Дед, хоть и был великан, крякнул:
– Да как же? – задумчиво поскреб колючую щеку и взялся за ведра. – Ну, пойдем…
Да не к бочке, а со двора – по воду – и назад. Таскали до вечера. Спина у меня ныла, ладони горели, в тапках хлюпало. Наконец мокрый мячик плюхнулся мне под ноги.
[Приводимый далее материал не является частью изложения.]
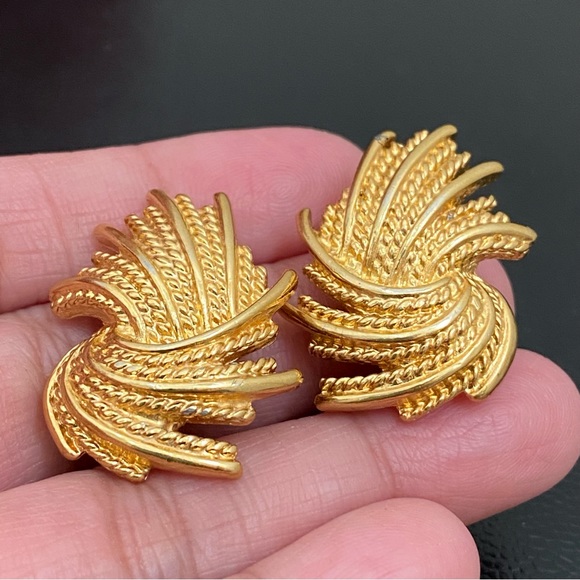 Vintage MONET Signed Gold-tone Wheat Spray Rope Feather Clip On Earrings - Picture 11 of 15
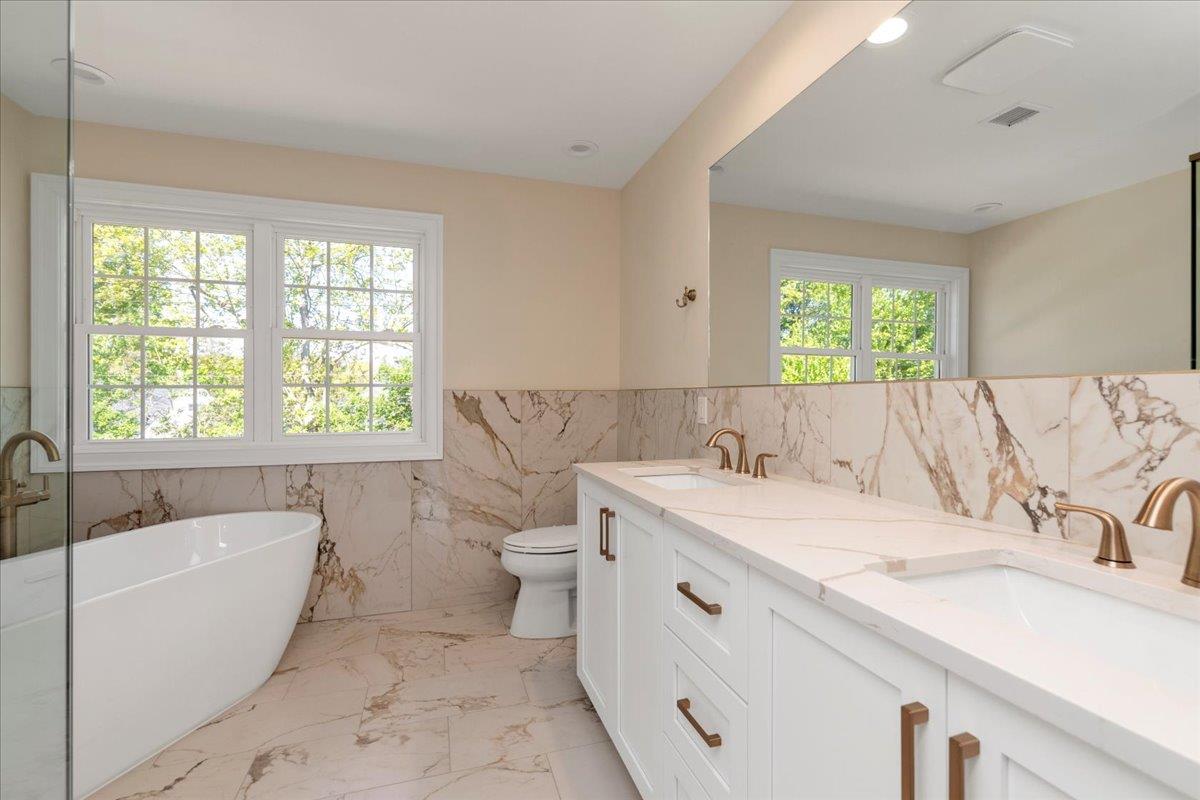 56 Seitz Drive, Bethpage, NY 11714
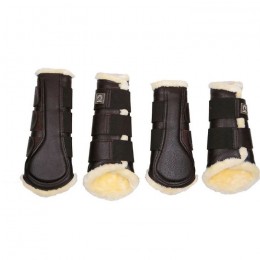 Montar SS'22 brushing boots set of 4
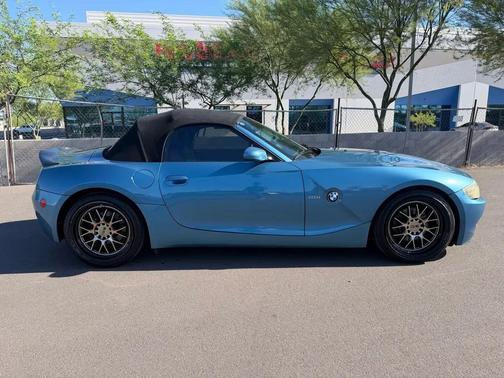 Blue 2003 BMW Z4 2.5i Roadster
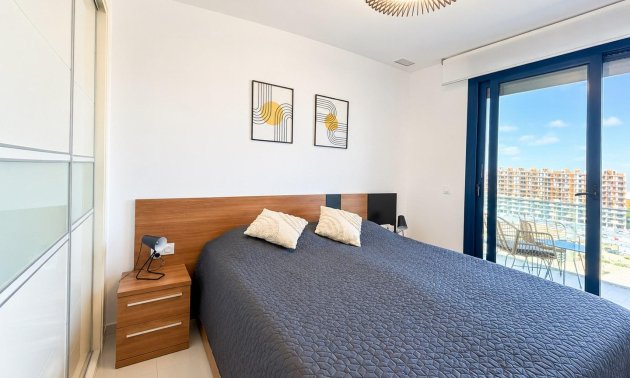 Resale - Apartment / flat -
Torrevieja - Punta prima
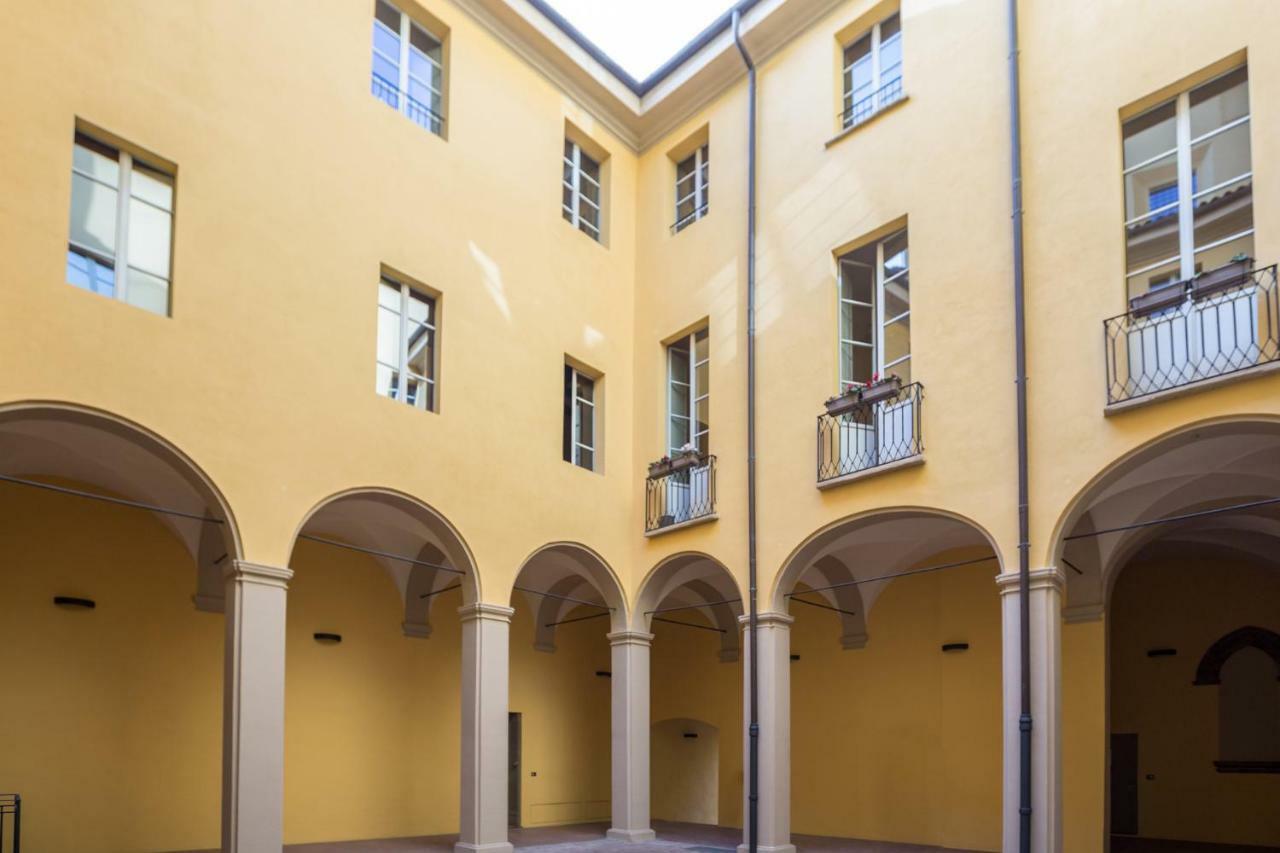Palazzo Bocchi - The Place Apartments Bologna Eksteriør bilde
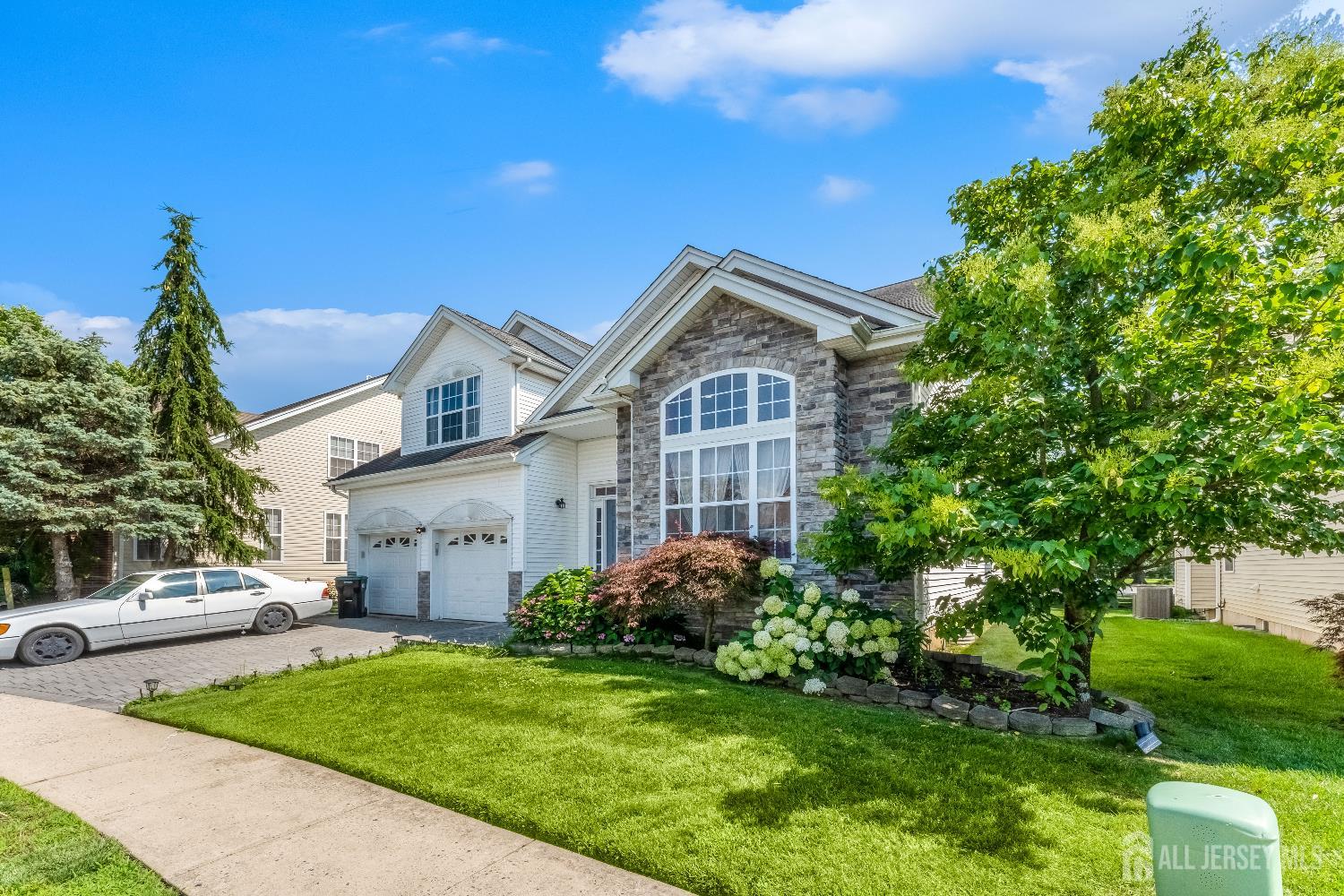 16 Bermuda Dunes Drive Image 3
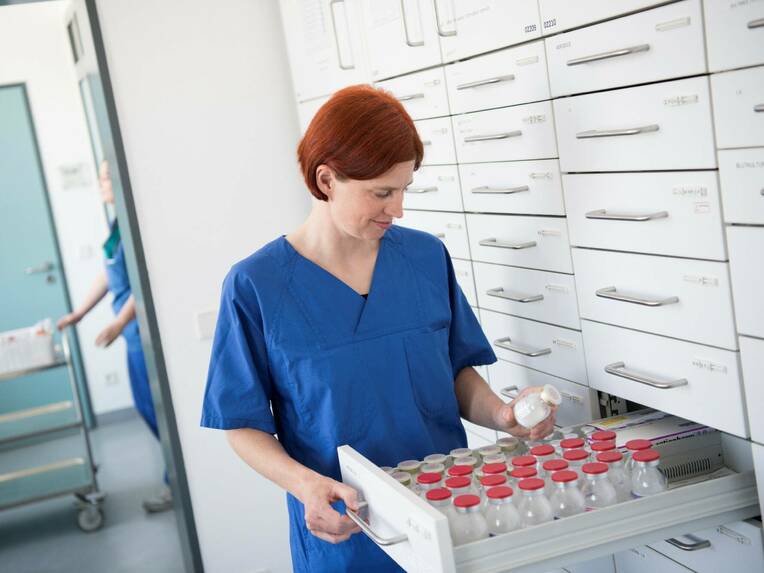Standardisierte Module sollen Pflegenden den Erwerb erweiterter Kompetenzen zur Ausübung heilkundlicher Aufgaben ermöglichen.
– Так-то, прынцесса… – сказал дед.
– Молодцы! – похвалила бабуля. – В другой раз я его сама туда брошу.
Дедушка Иван Дмитриевич
Трусики
Главным на заднем дворе был генерал в фуражке с шиферным козырьком – нужник с бельмастым оконцем под крышей. В горячие летние деньки там узнавали газетные новости, читать кои в другое время было недосуг. От зари до зорьки его поглощал кормилец-огород – оплот живота, вместилище трудов и упований, гарант витаминного изобилия. Мясо тоже росло свое – к дедову сараю тулился курятник и трусячьи клети, где с первой травы и до снега жевали одуванчики сонные лопоухие звери.
Заботы об их пропитании возложили на меня.
– Смотри, – бабушка, тыкала темным от земли и загара пальцем, мне под ноги, – это вот снытка, а там – палец поворачивал в резные заросли у забора, – полынь. Поняла ли?
Я кивала.
– Желтого, кроме одуванчиков, не рви, – наставляла она, – ни лютиков, ни куриной слепоты, ни гусиной лапки…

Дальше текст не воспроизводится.